Ингрид направлялась к озеру, чтобы покататься на коньках. Она шла узкой тропкой, протоптанной в снегу. Гуннар Хеде следовал за ней. Было в его облике нечто покорное, наводившее на мысль о преданном псе, увязавшемся за своим хозяином.
Ингрид выглядела усталой. Глаза у нее потухли, кожа приобрела сероватый оттенок.
Она шла и думала о том, был ли уходящий день доволен собой. Уж не от радости ли зажег он этот огненно-красный закат на западе?
Про себя она могла сказать, что ни сегодня, ни в какой-либо другой день не могла бы она зажечь столь ликующее пламя. За целый месяц, минувший с того дня, как она узнала Гуннара Хеде, она не добилась ровно ничего.

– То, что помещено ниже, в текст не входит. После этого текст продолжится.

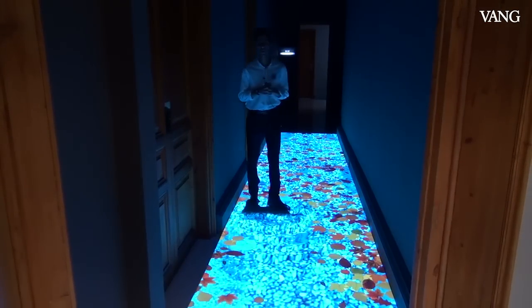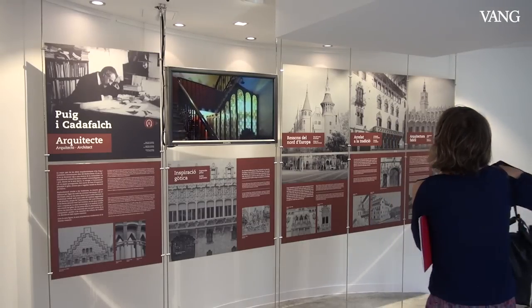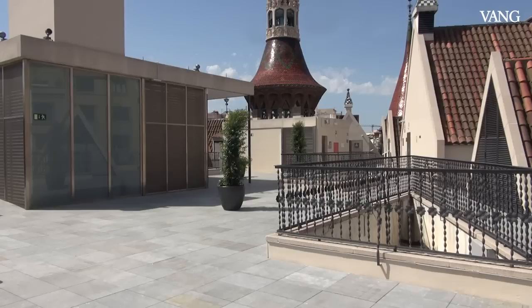La segunda tipología de visita es una visita guiada, que se llama Descubre la Casa de las Punchas. La llamamos así porque el guía hace mucho énfasis en la historia de la casa y en los rincones y los detalles ornamentales.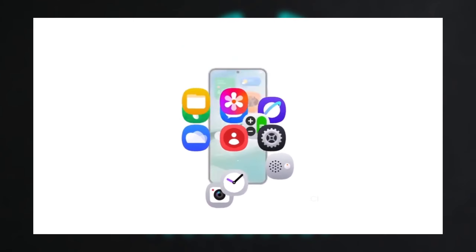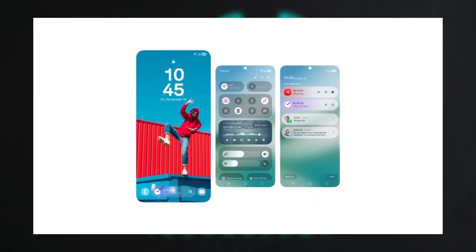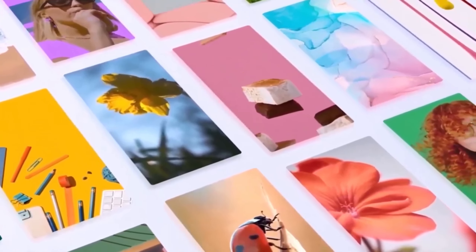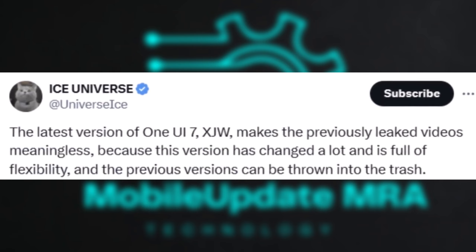It seems like One UI 7.0 is almost ready for launch after a delay, and Samsung is now prepping to roll out the beta program in the coming weeks. Ice Universe has shared that One UI 7.0 may need another two weeks before its beta release. Here are the key details from the update.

А сегодня ее и вовсе обуял страх. Ей показалось, что любовь ее в опасности. Она стала забывать студента, потому что все время думала только о несчастном больном. Любовь ее утратила легкость, красоту, игру. Остались лишь тяготы и суровая действительность.
Она шла, чувствуя, как ее все больше охватывает отчаяние. Она чувствовала, что не знает, что делать, что ей в конце концов придется отступиться. О Боже, вот она идет следом за нею, такой крепкий и здоровый на первый взгляд, и вместе с тем — безнадежно, неизлечимо больной!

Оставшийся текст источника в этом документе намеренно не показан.